社会科分野での活用法は(2の2)*「社会の一員」自覚促す

掲載日:2010/02/22

*札幌・北星学園女子中*スクラップノートを作成、発表
*意見や考えまとめ世の中知る機会に

 「記事のまとめを発表します」。札幌市中央区の北星学園女子中高では中学1年、地理の授業で毎回、生徒が「新聞スクラップノート」に張った関心のある記事について発表する。授業を進める貞広康子教諭が新聞を活用する狙いの一つが「自分と社会の関係を知る」点にある。

 
  関心ある記事をノートに張り、自分の意見を発表する北星学園中の授業

 中学1年生は10月から、1冊のノートを用意、家庭で毎月5件以上の記事を張っては、内容をまとめ、自分の感想、意見を書く。授業では毎回、出席番号順に2人程度が記事について発表。月に1回、ノートを提出すると、貞広教諭のコメントが添えられて返される。

 ノートには、記事のまとめや、感想だけでなく、意見や自分の考えを書くことが求められる。これが自分と社会の関係を知ることにつながる。生徒に渡される指示プリントには「『○○は大変だと思います』は感想。『○○が原因と考えられるので○○することが必要』『解決には○○が考えられます』などと、感想はあってもよいが自分の意見を入れよう」と書かれている。

 1月末の授業では「ハイチ地震から1週間」(1月19日、北海道新聞)や「小沢氏きょう聴取」(1月23日、同)などの記事が取り上げられた。生徒はそれぞれ、「ハイチの被災者に対して私たちができることを考え、行動したい」「政治資金で疑惑を持たれること自体、おかしいことだ」などと発表した。

 これに対して貞広教諭が「被災地へ募金も重要だけど、そのお金がどう使われるか見ることも大切」「政治とお金の話は中学生のみんなに関係ないことだと考えず、お父さんやお母さんと話してみて」と、自分と時事問題との関係を重視した言葉をかける。

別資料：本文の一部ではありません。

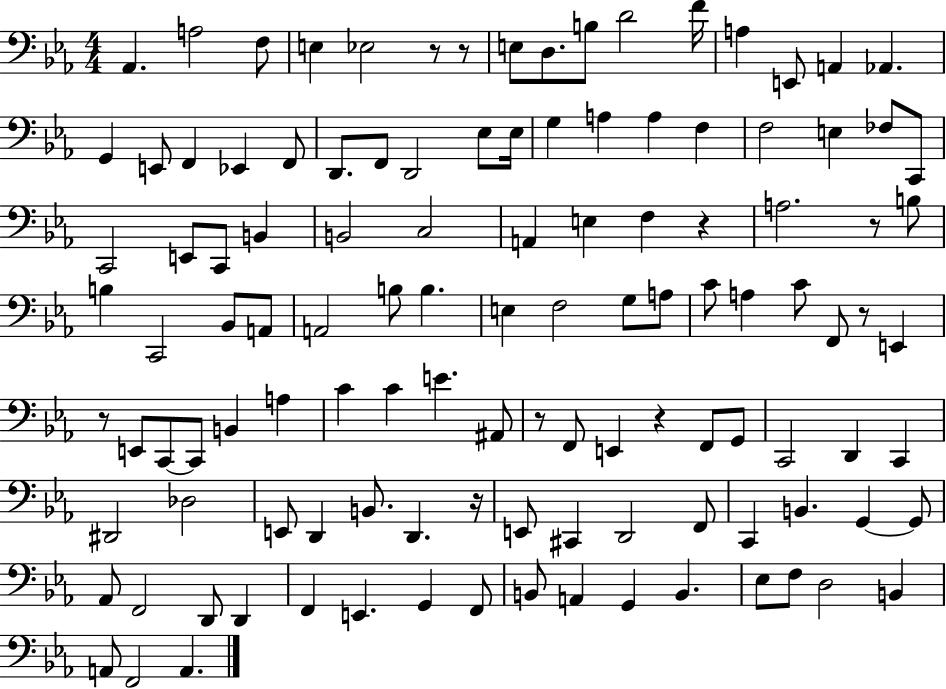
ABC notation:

X:1
T:Untitled
M:4/4
L:1/4
K:Eb
_A,, A,2 F,/2 E, _E,2 z/2 z/2 E,/2 D,/2 B,/2 D2 F/4 A, E,,/2 A,, _A,, G,, E,,/2 F,, _E,, F,,/2 D,,/2 F,,/2 D,,2 _E,/2 _E,/4 G, A, A, F, F,2 E, _F,/2 C,,/2 C,,2 E,,/2 C,,/2 B,, B,,2 C,2 A,, E, F, z A,2 z/2 B,/2 B, C,,2 _B,,/2 A,,/2 A,,2 B,/2 B, E, F,2 G,/2 A,/2 C/2 A, C/2 F,,/2 z/2 E,, z/2 E,,/2 C,,/2 C,,/2 B,, A, C C E ^A,,/2 z/2 F,,/2 E,, z F,,/2 G,,/2 C,,2 D,, C,, ^D,,2 _D,2 E,,/2 D,, B,,/2 D,, z/4 E,,/2 ^C,, D,,2 F,,/2 C,, B,, G,, G,,/2 _A,,/2 F,,2 D,,/2 D,, F,, E,, G,, F,,/2 B,,/2 A,, G,, B,, _E,/2 F,/2 D,2 B,, A,,/2 F,,2 A,,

 貞広教諭は、スクラップノートの授業を続けることで生徒が「自分も社会にかかわっている」と認識して、社会の出来事に興味を持つきっかけにしてほしいと考えている。社会に興味を持つことで自ら調べたり、学ぶようになれば、社会科が単なる暗記の科目ではなくなるという効果をねらっている。

 また、クラスの中で自分の考えを発表することで自分に自信を持つ生徒も増えている。「感想だけでなく意見も発表することで、自分の考えが伝わった、認められた、という自己肯定感があるのでは」と見ている。